Cloud computing providers handle the construction, administration, and maintenance of cloud data storage allowing healthcare professionals to focus on what they do best — caring for their patients and working to achieve better health outcomes. Cloud computing solutions are more flexible compared to on-premise solutions as well, enabling healthcare organizations to easily scale their storage and computing needs as necessary, only paying for the resources they use.

Effective collaboration

Storing electronic medical records on the cloud helps to streamline the process of collaborative patient care. Previously, most patients’ medical records were distributed across the various offices of healthcare providers they visited – some with their dentists, a good number with the primary care provider, and others at the offices of healthcare specialists they consulted.

With cloud-based medical records and other healthcare applications, providers can more easily communicate and share patient medical records, particularly with EHR integration and solutions such as healthcare APIs, which support the exchange of healthcare information across any EHR platform while maintaining PHI security. These solutions make patient data readily available to providers when they need it, so they can make more informed decisions about patient care and treatment options.  

Enabling big data applications

Patient EMR contains huge volumes of useful information that could help achieve better health outcomes for patient and population health initiatives by helping to: - Identify the most effective treatment options for a particular set of symptoms - Detect subtle correlations in illnesses that could reveal causative factors - Predicting when an epidemic might occur

However, the use of filing cabinets and siloed data storage mechanisms made it virtually impossible to analyze these streams of patient data to come up with such useful insights and predictions.

With the advent and widespread adoption of cloud computing and storage, healthcare organizations can now use complex computer algorithms and solutions with big data capabilities to analyze the reams of data at their disposal. This helps in the early detection of public health threats, enabling healthcare providers to come up with viable solutions to reduce population health risks.

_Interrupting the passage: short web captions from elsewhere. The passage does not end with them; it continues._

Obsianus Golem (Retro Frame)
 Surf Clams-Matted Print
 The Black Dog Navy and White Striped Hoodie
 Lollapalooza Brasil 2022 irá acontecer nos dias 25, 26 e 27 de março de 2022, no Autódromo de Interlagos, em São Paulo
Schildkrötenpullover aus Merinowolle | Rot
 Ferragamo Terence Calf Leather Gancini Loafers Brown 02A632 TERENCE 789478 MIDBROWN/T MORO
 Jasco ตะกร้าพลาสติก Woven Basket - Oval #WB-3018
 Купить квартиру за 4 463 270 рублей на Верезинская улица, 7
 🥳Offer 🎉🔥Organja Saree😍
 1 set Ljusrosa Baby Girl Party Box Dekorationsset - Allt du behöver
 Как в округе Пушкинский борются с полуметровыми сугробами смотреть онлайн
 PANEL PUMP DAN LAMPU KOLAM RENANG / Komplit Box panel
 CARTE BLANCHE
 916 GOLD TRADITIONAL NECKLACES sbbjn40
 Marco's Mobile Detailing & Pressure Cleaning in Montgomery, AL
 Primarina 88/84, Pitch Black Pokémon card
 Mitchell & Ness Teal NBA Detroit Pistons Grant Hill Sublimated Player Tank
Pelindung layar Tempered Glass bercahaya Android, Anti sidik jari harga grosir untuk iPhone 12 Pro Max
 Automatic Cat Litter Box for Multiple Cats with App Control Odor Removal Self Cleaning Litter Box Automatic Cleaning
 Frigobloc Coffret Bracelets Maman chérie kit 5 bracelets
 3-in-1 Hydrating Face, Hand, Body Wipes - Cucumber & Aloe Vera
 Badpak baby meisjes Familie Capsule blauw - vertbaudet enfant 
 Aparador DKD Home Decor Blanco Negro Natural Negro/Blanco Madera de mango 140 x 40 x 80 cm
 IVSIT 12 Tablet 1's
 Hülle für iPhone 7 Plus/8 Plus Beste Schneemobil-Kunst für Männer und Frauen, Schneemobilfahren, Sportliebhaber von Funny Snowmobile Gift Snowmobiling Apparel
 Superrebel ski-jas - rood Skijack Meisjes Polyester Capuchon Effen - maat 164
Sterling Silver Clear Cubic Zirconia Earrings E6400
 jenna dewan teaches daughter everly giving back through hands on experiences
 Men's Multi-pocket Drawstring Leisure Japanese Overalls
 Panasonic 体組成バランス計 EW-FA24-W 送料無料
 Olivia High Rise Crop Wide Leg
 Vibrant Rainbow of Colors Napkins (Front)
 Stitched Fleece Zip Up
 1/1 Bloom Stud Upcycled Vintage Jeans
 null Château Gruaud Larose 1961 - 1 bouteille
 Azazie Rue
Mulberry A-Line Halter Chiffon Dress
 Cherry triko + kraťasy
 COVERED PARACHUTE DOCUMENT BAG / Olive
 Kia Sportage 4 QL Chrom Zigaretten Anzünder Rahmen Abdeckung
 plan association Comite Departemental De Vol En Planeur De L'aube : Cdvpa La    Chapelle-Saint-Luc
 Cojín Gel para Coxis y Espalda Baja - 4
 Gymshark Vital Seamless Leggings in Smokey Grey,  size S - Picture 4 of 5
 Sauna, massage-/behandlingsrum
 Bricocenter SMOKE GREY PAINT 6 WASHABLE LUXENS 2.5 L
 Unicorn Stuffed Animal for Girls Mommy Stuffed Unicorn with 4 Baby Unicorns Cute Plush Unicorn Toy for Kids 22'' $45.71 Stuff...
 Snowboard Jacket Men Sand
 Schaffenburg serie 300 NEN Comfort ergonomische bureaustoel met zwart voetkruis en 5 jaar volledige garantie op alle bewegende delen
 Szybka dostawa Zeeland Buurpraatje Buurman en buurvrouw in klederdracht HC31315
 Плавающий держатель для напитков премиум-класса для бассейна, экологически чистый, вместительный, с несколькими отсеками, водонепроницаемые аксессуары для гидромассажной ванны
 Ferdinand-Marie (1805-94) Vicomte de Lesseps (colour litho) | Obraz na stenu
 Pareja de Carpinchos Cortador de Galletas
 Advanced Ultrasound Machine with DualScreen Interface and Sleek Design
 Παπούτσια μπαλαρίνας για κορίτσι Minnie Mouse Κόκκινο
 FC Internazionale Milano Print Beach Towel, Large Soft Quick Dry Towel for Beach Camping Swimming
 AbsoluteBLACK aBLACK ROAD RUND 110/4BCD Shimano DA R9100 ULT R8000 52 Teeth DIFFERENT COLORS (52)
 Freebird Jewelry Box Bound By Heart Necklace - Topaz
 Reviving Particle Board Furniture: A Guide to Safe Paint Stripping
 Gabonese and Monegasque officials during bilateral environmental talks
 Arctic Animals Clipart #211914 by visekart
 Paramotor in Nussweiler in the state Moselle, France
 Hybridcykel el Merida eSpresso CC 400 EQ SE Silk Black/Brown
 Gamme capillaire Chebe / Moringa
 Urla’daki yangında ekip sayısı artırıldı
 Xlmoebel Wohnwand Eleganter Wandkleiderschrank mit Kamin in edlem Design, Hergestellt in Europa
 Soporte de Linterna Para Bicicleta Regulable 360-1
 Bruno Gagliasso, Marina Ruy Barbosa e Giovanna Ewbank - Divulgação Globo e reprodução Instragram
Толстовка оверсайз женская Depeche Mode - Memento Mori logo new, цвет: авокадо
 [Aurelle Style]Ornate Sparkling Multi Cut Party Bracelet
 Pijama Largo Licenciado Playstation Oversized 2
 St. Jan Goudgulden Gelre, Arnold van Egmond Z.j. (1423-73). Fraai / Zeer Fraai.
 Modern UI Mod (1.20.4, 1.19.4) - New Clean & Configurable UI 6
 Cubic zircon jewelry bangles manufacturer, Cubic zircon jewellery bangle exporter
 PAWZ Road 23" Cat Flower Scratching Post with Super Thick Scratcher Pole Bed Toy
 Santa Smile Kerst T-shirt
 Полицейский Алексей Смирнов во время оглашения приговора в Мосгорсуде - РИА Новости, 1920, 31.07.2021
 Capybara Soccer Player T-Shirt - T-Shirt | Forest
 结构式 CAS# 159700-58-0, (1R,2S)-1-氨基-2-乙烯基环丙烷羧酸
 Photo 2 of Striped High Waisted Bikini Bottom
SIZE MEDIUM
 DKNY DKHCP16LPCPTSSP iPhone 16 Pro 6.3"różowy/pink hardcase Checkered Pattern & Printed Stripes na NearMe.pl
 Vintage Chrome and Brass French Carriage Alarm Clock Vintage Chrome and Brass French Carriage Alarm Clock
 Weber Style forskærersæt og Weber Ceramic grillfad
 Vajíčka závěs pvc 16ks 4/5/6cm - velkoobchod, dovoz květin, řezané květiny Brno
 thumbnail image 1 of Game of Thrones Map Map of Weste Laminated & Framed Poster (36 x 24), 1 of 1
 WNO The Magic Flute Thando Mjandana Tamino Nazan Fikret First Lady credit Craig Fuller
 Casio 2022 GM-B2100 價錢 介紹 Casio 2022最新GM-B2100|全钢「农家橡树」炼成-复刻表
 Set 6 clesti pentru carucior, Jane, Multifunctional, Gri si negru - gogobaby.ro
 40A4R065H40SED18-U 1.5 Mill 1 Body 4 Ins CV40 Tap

By virtue of its almost unlimited scalability, seamless flexibility, and high availability, the cloud offers a wide range of benefits to healthcare organizations and stakeholders. The cloud facilitates health IT infrastructure from back-end development and data sharing to consumer-facing patient portals and mobile applications.

As developers work towards creating a world where electronic health records, mobile health applications, and wearable connected devices will interface freely, cloud computing will play a primary role in storing, securing, and maintaining all the underlying data. This makes the cloud essential to the future of health IT. As such, healthcare organizations are encouraged to leverage and expand their cloud capabilities to keep up with the continuously evolving healthcare landscape.